Rescued Md. osprey dies suddenly of extreme exertion and stress

A raptor rescued Aug. 10 in Anne Arundel County died. (Courtesy Donna Cole)

An osprey rescued by U.S. Naval Academy’s “Fighting 46” fire department Saturday died early Tuesday.

The fledgling, female osprey had been tangled on a tree with fishing wire on Greenbury Point along the Severn River in Maryland’s Anne Arundel County. It’s believed it was just learning to fly when it ended up entangled.

Initially, the Boyds, Maryland-based Owl Moon Raptor Center, where the bird of prey was taken to recover, thought the bird’s prognosis was good. The bird had wounds on her wings and left leg.

“Initially, she just presented with what looked like just the wounds, which were manageable,” said Suzanne Shoemaker, director of the Owl Moon Raptor Center. “They were significant, but they were manageable, and we had hopes then that she would respond to treatment and we could heal the wounds.”

The ausprey’s symptoms indicated that it suffered from a condition called capture myopathy. It occurs, the center said on its Facebook page, “as a result of extreme exertion, struggle, or stress. … Severe muscle damage results from a build-up of lactic acid, which in turn causes elevated respiratory, heart rate, and body temperature, and ultimately death.”
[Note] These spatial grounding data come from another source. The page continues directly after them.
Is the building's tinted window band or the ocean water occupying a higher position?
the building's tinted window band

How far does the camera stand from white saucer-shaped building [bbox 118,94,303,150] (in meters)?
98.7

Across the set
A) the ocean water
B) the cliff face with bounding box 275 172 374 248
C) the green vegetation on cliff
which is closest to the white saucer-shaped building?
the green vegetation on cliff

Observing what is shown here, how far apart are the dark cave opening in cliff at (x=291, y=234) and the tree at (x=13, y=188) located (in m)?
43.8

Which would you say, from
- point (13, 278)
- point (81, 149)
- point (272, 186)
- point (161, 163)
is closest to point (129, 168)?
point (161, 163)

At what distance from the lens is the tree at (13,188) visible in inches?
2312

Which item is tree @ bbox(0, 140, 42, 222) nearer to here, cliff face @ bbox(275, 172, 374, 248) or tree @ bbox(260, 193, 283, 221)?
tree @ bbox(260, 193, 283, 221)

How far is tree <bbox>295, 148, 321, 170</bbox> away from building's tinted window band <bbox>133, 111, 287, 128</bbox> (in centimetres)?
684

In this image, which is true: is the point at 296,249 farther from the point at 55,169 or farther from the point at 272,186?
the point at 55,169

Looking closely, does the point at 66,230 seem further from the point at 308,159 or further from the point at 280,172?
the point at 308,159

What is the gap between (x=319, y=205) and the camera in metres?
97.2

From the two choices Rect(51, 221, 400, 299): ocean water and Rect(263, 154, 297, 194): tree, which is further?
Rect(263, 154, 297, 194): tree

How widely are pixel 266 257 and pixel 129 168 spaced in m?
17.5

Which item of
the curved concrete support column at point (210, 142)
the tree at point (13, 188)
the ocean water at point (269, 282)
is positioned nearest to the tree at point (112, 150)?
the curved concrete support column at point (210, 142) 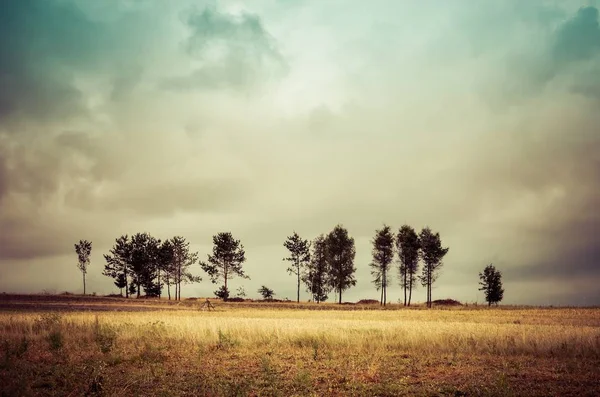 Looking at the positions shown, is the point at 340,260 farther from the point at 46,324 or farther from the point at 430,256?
the point at 46,324

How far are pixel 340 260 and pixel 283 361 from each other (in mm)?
64366

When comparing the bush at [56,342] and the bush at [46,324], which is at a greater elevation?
the bush at [56,342]

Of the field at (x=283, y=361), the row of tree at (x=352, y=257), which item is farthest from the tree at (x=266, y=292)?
the field at (x=283, y=361)

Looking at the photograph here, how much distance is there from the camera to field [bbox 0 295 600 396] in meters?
13.0

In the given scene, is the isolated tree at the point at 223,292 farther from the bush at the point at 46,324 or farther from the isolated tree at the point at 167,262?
the bush at the point at 46,324

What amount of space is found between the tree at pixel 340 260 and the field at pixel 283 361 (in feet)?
184

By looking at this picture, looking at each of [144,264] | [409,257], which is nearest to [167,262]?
[144,264]

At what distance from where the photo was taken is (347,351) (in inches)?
762

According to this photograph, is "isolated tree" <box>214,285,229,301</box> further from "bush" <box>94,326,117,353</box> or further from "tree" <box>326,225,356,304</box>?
"bush" <box>94,326,117,353</box>

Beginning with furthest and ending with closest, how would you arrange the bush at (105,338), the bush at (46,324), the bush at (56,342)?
1. the bush at (46,324)
2. the bush at (56,342)
3. the bush at (105,338)

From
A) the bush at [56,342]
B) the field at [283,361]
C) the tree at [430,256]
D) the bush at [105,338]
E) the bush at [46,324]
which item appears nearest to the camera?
the field at [283,361]

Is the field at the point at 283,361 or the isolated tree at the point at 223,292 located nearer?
the field at the point at 283,361

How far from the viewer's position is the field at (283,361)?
13031 mm

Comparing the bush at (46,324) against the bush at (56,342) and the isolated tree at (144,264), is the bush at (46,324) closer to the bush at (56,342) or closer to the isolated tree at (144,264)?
the bush at (56,342) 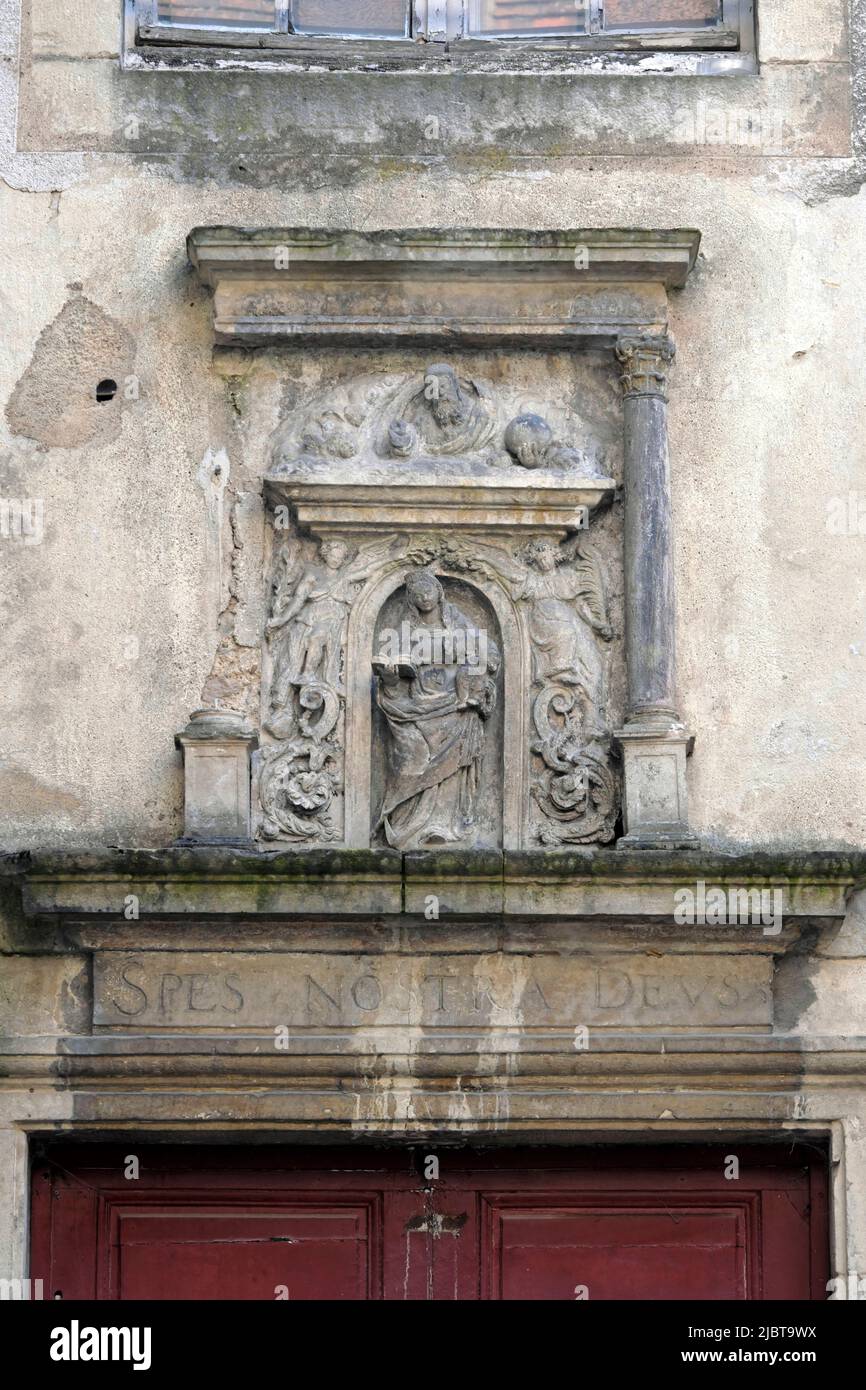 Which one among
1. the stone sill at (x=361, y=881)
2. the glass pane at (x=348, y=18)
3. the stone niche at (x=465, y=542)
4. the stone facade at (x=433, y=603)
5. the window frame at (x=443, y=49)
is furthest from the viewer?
the glass pane at (x=348, y=18)

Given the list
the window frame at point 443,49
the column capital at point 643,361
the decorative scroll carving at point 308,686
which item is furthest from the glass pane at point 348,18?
the decorative scroll carving at point 308,686

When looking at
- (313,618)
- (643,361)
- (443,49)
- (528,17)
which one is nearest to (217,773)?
(313,618)

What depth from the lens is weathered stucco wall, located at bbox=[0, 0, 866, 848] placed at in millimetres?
9508

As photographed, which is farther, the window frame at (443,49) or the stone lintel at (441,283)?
the window frame at (443,49)

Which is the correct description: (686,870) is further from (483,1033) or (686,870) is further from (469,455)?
(469,455)

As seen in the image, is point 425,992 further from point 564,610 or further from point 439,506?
point 439,506

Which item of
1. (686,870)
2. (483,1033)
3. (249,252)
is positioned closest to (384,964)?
(483,1033)

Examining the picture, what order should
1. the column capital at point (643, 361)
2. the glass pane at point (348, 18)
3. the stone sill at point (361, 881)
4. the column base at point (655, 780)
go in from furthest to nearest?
the glass pane at point (348, 18) → the column capital at point (643, 361) → the column base at point (655, 780) → the stone sill at point (361, 881)

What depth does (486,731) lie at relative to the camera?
9500mm

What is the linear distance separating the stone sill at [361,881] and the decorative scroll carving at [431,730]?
297 millimetres

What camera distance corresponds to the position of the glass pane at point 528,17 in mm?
10094

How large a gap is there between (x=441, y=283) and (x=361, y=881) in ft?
6.28

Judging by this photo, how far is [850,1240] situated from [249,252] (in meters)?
3.46

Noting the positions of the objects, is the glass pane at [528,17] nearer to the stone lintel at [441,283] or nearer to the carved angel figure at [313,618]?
the stone lintel at [441,283] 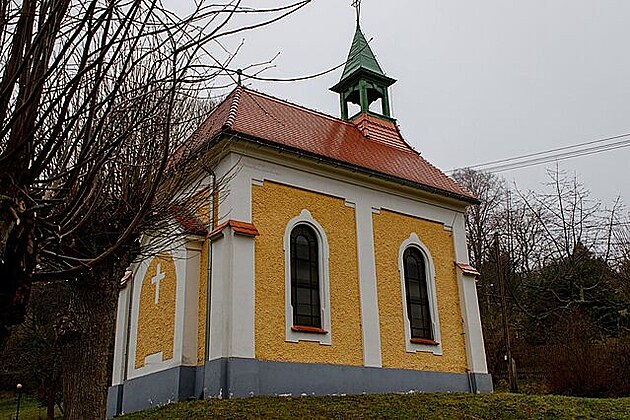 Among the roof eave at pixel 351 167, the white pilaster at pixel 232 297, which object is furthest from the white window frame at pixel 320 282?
the roof eave at pixel 351 167

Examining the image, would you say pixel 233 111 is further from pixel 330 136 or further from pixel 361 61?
pixel 361 61

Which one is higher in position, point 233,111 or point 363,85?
point 363,85

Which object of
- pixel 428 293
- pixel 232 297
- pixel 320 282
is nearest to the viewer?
pixel 232 297

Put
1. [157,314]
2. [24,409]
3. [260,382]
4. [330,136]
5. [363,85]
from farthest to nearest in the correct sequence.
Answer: [24,409]
[363,85]
[330,136]
[157,314]
[260,382]

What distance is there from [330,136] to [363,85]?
4.12m

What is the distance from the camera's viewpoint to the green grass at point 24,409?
27.0 metres

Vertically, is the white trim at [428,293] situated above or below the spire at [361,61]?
below

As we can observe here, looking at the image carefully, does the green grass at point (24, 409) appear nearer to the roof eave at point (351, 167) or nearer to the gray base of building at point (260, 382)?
the gray base of building at point (260, 382)

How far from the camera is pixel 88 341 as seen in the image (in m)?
7.98

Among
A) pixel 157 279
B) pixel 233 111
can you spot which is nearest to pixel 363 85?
pixel 233 111

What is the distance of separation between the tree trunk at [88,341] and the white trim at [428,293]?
857 centimetres

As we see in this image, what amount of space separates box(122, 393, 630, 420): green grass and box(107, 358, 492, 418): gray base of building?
761 mm

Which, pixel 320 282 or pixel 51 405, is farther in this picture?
pixel 51 405

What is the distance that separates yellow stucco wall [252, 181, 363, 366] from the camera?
42.1 ft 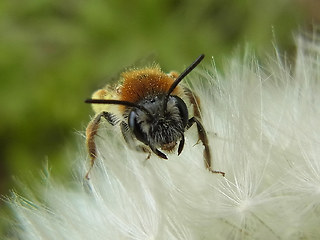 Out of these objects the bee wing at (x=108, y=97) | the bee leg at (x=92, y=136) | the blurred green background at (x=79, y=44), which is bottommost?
the bee leg at (x=92, y=136)

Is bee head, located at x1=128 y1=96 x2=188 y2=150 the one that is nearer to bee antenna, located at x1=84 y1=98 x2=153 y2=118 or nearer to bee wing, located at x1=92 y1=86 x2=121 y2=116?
bee antenna, located at x1=84 y1=98 x2=153 y2=118

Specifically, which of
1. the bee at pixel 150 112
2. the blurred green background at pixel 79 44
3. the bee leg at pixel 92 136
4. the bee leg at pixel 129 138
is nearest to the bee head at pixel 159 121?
the bee at pixel 150 112

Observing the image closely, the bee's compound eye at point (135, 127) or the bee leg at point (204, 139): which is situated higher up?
the bee leg at point (204, 139)

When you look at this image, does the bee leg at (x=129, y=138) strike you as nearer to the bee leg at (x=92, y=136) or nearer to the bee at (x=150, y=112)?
the bee at (x=150, y=112)

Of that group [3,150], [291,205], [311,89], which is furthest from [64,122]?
[291,205]

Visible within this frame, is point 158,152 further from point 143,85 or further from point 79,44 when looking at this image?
point 79,44

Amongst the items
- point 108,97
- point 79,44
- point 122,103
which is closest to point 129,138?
point 122,103

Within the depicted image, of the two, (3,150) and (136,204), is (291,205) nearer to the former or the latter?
(136,204) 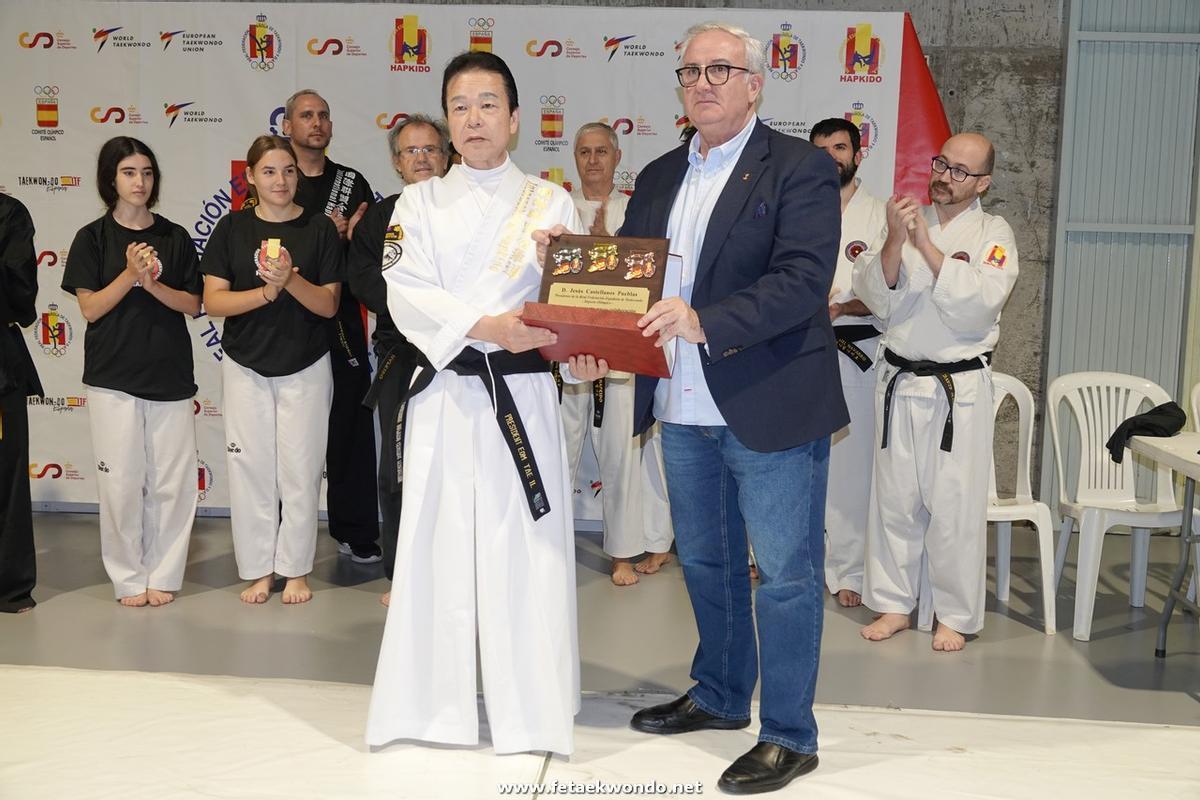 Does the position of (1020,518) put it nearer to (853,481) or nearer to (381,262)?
(853,481)

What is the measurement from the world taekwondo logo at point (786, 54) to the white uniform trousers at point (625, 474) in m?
1.82

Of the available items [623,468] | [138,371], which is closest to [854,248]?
[623,468]

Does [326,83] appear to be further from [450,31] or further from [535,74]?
[535,74]

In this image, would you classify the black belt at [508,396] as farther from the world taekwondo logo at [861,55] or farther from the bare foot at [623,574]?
the world taekwondo logo at [861,55]

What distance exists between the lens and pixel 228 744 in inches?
112

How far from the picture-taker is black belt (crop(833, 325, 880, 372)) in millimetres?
4445

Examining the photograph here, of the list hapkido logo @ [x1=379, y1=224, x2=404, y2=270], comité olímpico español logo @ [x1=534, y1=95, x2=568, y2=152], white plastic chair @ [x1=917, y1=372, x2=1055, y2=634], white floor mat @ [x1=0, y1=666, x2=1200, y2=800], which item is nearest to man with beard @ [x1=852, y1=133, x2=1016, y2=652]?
white plastic chair @ [x1=917, y1=372, x2=1055, y2=634]

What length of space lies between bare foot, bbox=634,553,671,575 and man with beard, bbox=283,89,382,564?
122cm

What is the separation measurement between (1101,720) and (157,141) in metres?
4.92

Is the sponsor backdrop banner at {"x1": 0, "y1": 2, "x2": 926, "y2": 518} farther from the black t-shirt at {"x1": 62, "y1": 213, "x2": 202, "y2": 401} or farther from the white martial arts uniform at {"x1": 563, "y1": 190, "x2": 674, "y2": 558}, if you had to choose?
the black t-shirt at {"x1": 62, "y1": 213, "x2": 202, "y2": 401}

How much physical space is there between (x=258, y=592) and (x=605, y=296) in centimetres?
255

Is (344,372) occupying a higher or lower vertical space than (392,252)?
lower

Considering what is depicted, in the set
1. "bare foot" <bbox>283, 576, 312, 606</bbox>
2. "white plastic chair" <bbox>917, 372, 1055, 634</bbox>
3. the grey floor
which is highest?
"white plastic chair" <bbox>917, 372, 1055, 634</bbox>

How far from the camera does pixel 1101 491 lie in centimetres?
450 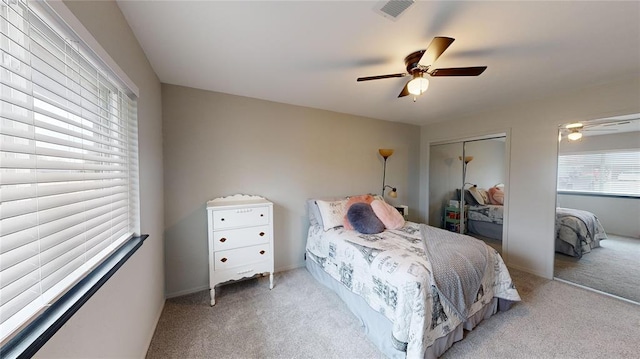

“It’s not something we see very often,” Shoemaker told WTOP. “But in this case, it appears that’s what happened. … That’s the kind of symptoms we saw.”

The osprey’s entanglement and rescue captured the attention of an entire community.

It took a team of 12 people, including volunteers and firefighters, two hours to rescue the bird after someone spotted it in a tree.